Trade Secretary Liam Fox, a veteran Brexiteer in May’s Cabinet, says he can live with a Brexit agreement that is less than perfect, because it can always be revised after the U.K. has left. In an interview with Bloomberg’s Tim Ross, Fox says the important thing is to get Brexit done, because failure to deliver on the referendum would be disastrous.
“Not to deliver Brexit is the greatest political risk we could run,” Fox said. “We should try to get as much of a final deal as we can get by the 29th of March, but it’s self-evident that if it’s a bilateral treaty, it can be revised later on.” Read his full comments here.

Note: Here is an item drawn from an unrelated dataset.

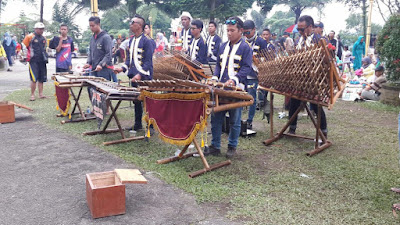 Musik Daerah di Wisata Baturaden Purwokerto Banyumas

Fox, like other Brexiteers, has reservations about Prime Minister Theresa May’s plan to keep close ties to the bloc after the split. But he’s lining up with Environment Secretary Michael Gove, another pro-Brexit Cabinet minister, who is also backing May’s plan on the premise that a future Parliament could always improve it. Hardliners reject this stance. Former Foreign Secretary Boris Johnson took aim at the pragmatists earlier this week, saying it’s “total fantasy” to say the U.K. can “bodge” a deal now and get a better deal later on.
As both sides in the negotiations inch toward a deal, May’s team is increasingly focused on getting whatever she brings back from Brussels through the House of Commons, where she doesn’t have a majority. As we reported yesterday, her strategy is to rush a vote through Parliament as quickly as two weeks after the deal is struck. Her team is trying to win over Brexiteers by telling them that if they reject the deal, the alternative could be a second referendum or a softer Brexit under a Labour government.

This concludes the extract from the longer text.